# Stored data:
------------------------------------

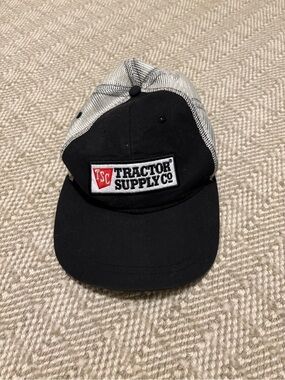Tractor Supply Co. Men's Black Mesh Back Trucker Hat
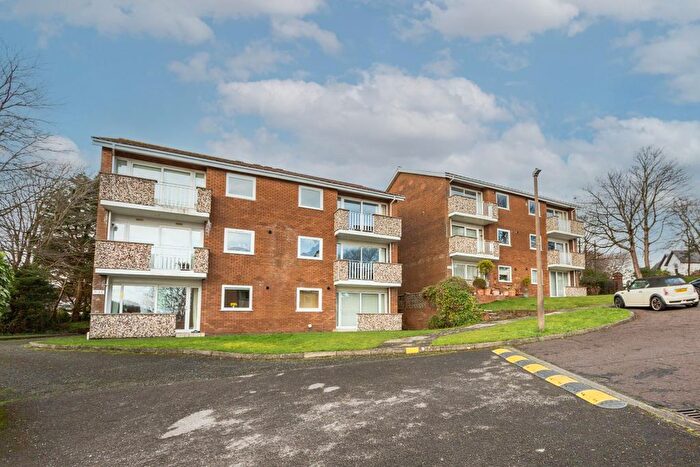 2 Bedroom Flat For Sale In Lansdowne, Groves Avenue, Langland, Swansea, SA3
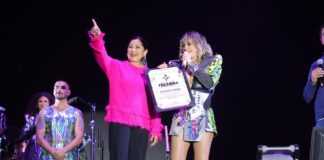 Un espectáculo inolvidable: Arrancan los festejos del día de las madres con concierto de María José en la Feria Regional 2026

------------------------------------

With the pictures omitted, the material is to be transcribed exactly.

# Answer to the exercise:
Tractor Supply Co. Men's Black Mesh Back Trucker Hat
 2 Bedroom Flat For Sale In Lansdowne, Groves Avenue, Langland, Swansea, SA3
 Un espectáculo inolvidable: Arrancan los festejos del día de las madres con concierto de María José en la Feria Regional 2026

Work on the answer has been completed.